Nelle quasi duecento pagine che compongono il volume Non doveva morire. Come Paolo VI cercò di salvare Aldo Moro, Riccardo Ferrigato dimostra come l’unico a essersi veramente impegnato per salvare il politico democristiano fu Paolo VI. Grazie al contributo di monsignor Leonardo Sapienza, reggente della Prefettura della Casa Pontificia e autore a sua volta di lavori sul pontificato montiniano, Ferrigato ha potuto accedere a documenti rimasti riservati fino a oggi. Su tutti, la bozza, rinvenuta in fotocopia, della lettera ai terroristi pubblicata il 22 aprile 1978. Alle correzioni operate dallo stesso Paolo VI, si affiancano cancellature e interventi di altri. L’ipotesi di Ferrigato è che l’autore sia stato monsignor Pasquale Macchi, segretario particolare del Papa, su suggerimento di monsignor Agostino Casaroli, all’epoca segretario del Consiglio per gli Affari pubblici della Santa Sede.
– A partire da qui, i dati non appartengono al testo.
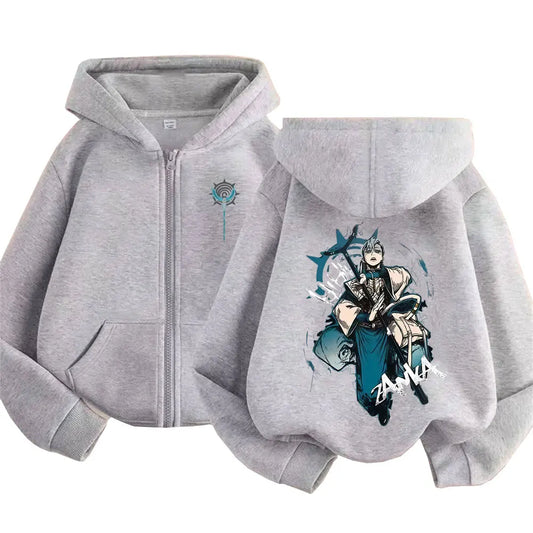 Anime Gachiakuta Zanka Nijiku White Zipper Hoodie
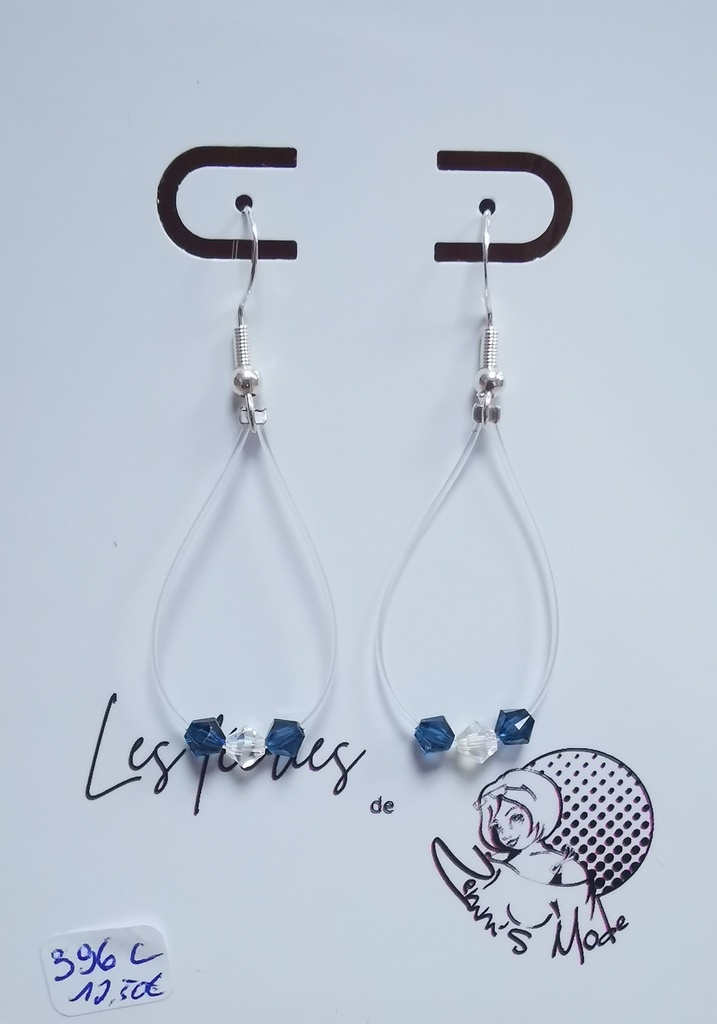 Boucles d'oreilles argentées fils Toupies 4mm PureCrystal tons Tendance (Fééries)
La più evidente riguarda la frase “Vi prego in ginocchio, liberate l’onorevole Aldo Moro, semplicemente, senza condizioni”. Quell’espressione per decenni è stata considerata segno di forte chiusura, ma nella bozza era riportata “senza alcuna imbarazzante condizione”. Il cambiamento, spiega l’autore, è stato originato dal fatto che la trattativa messa in atto da Paolo VI doveva restare segreta: compromettersi con i terroristi e annunciarlo pubblicamente avrebbe significato far saltare quanto costruito fino ad allora.
I documenti e le testimonianze, queste ultime tratte in gran parte dalle audizioni della Commissione parlamentare d’inchiesta, presentano infatti il lavoro nascosto che il Papa aveva attuato tramite alcuni collaboratori.
Al termine della lettura del libro, che riporta i documenti, commentati, fotografati e riportati integralmente, viene da pensare che Moro si fosse sbagliato nella sua ultima lettera scrivendo: “Il Papa ha fatto pochino: forse ne avrà scrupolo”. Lui, però, non poteva sapere tutto quello che in realtà accadeva, visto che nella sua prigione le notizie erano filtrate dai carcerieri. Quanti avranno letto questo libro, invece, comprenderanno come i tentativi siano stati ben più di pochi, e che, allora come oggi, altri dovrebbero averne “scrupolo”.